» The problem:
Any picture in the data below should be skipped, while every line is repeated exactly.

Information shown Start Marker

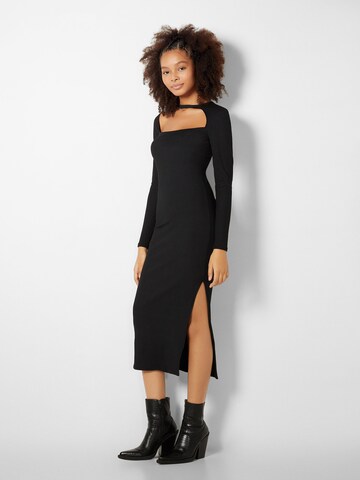 Bershka Kleid in Schwarz: predná strana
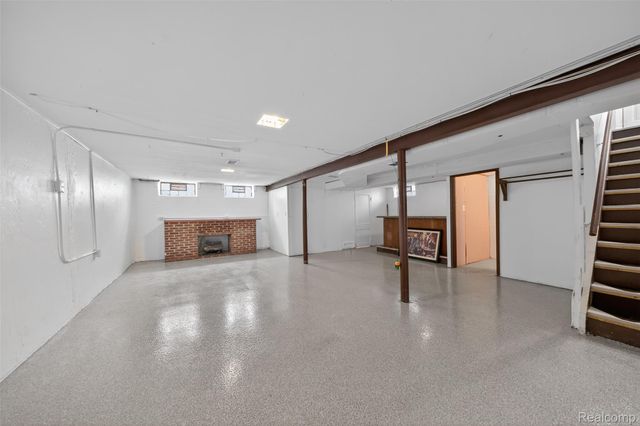 76 W Katherine Avenue, Madison Heights, MI 48071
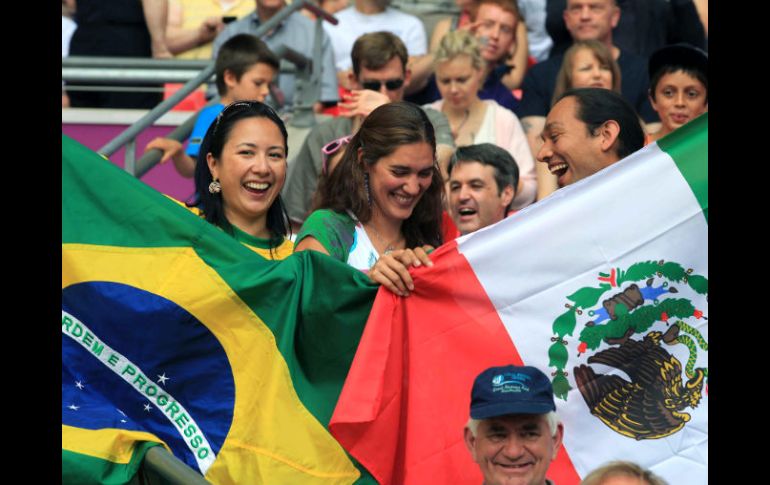 Los fanáticos de México y Brasil se ilusionan con la final de Londres 2012. EFE  /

Information shown End Marker

» Output below:
 Bershka Kleid in Schwarz: predná strana
 76 W Katherine Avenue, Madison Heights, MI 48071
 Los fanáticos de México y Brasil se ilusionan con la final de Londres 2012. EFE  /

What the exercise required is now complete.